7) Ho pianto tanto. Sì, lo so, mi sono rimbambita. Ma vedere le foto di loro giovani che Mav conserva attaccate alla parete del suo alloggio, con Meg Ryan che era tanto bellina e non sembrava Joker di Batman come adesso, Val Kilmer pure lui di una bellezza pazzesca, mi ha fatto provare tanta tenerezza nel ripensare alla diciassettenne che ero, con i jeans a vita alta, i capelli a ciuffone, le giacche con le spalline rinforzate. Diciamo che ho iniziato a lacrimare quando Mav ha tirato fuori dall’armadio l’iconico giubbetto di pelle e ho finito ai titoli di coda, quando compare la scritta dove si dice che il film è dedicato alla buonanima di Tony Scott. Nel mezzo c’è stato spazio per singhiozzare quando Rooster, il figlio di Goose, suona al piano Great Balls of Fire di Jerry Lewis, come già il padre nel primo film. Ho pianto anche a casa, quando sono andata a googolare perché Kilmer fosse tanto conciato e ho letto che ha subito una tracheotomia per un tumore alla gola ed è stato Cruise a volerlo a tutti i costi nel film, conciato com’è. Insomma, vale quel famoso aneddoto che dice più o meno «Ti è piaciuto il film? – Sì, mi sono divertito, ho pianto tanto».
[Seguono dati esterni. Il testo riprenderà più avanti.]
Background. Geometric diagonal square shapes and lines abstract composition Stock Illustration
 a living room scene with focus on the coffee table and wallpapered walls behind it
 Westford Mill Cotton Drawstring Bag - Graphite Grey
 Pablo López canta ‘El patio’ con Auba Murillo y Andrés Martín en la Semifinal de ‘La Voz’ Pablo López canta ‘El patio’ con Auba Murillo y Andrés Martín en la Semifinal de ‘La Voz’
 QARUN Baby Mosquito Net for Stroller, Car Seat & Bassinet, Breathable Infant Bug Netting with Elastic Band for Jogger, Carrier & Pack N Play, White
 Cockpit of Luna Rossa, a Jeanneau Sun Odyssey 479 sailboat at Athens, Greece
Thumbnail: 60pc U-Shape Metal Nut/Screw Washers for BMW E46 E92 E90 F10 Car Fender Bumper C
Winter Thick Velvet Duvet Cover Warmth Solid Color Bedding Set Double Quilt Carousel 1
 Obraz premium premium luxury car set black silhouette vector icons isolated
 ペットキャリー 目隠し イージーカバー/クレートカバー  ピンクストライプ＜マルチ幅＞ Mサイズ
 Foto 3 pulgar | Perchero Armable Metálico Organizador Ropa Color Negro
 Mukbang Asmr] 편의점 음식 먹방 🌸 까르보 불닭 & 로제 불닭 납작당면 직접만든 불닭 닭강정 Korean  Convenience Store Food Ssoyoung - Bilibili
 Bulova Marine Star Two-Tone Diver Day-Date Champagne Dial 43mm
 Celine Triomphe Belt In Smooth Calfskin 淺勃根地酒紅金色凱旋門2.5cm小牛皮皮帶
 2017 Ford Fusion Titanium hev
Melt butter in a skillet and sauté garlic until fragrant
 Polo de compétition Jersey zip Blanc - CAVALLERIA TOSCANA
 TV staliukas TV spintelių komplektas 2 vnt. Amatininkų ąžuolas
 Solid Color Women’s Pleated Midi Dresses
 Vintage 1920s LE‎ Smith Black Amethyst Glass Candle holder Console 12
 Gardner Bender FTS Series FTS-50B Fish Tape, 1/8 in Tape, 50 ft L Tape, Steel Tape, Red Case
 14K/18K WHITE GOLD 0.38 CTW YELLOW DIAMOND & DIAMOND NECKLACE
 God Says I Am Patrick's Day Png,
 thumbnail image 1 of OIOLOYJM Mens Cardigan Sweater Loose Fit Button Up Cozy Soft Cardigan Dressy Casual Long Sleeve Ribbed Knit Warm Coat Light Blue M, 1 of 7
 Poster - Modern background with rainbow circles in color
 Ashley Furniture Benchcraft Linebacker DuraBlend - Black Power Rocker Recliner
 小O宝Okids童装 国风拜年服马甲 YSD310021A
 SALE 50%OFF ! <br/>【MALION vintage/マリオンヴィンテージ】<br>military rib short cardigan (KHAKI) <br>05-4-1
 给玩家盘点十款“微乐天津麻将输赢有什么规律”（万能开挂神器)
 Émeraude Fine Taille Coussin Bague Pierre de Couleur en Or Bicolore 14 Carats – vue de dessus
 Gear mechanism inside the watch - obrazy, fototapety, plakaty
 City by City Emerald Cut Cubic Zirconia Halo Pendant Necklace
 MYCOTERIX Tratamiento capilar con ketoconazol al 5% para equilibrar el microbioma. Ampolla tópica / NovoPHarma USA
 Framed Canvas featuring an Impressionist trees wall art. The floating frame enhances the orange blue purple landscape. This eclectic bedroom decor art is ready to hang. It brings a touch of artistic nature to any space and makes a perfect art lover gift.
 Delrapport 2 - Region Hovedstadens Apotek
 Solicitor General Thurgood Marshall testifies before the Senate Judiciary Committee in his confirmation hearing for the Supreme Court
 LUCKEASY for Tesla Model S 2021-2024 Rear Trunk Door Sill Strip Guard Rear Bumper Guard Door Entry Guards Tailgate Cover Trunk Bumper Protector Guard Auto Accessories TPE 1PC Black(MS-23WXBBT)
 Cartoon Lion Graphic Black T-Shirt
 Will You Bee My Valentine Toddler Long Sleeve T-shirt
8) Si ride anche tanto. L’ironia, nel primo film, non era contemplata: negli anni Ottanta ci si prendeva molto sul serio, si era machi veri. Nel Terzo Millennio abbiamo guadagnato, fortunatamente, una buona dose di autoironia. Va però detto che ridevamo solo noi over 45/50; i giovani, che probabilmente erano caduti dentro per sbaglio, no.

Per il resto, fotografia da urlo, scene di combattimento in volo fantastiche e vere (di ricostruito a computer mi è sembrato ci fosse davvero poco), una Porsche e una Kawasaki degli anni Ottanta.
Inoltre ho capito che voglio anche io un bar da gestire bello come quello di Penny/Jennifer Connelly. E voglio pure la sua barca a vela.